TRY IT: From the line that contains "Климат-контроль NISSAN TIIDA контрактная" down to the last line of the data below, restate every line word for word, skipping any images.

AVAILABLE DATA:
--------
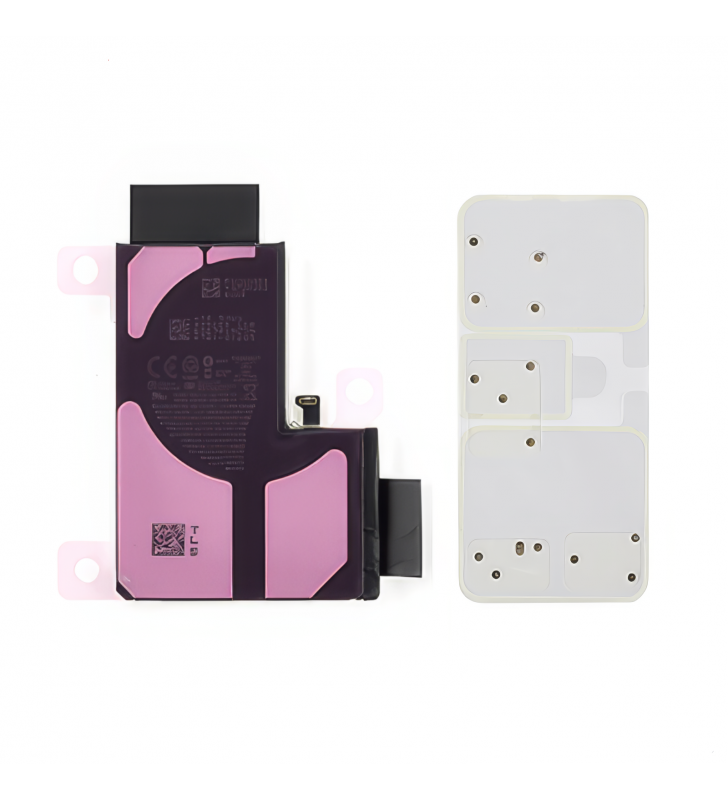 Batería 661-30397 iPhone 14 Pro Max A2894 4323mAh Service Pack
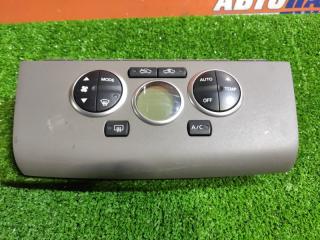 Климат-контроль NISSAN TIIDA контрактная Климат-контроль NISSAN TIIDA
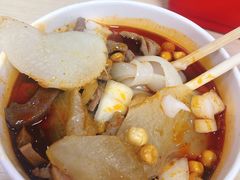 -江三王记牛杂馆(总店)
--------
EXERCISE RESULT:
 Климат-контроль NISSAN TIIDA контрактная Климат-контроль NISSAN TIIDA
 -江三王记牛杂馆(总店)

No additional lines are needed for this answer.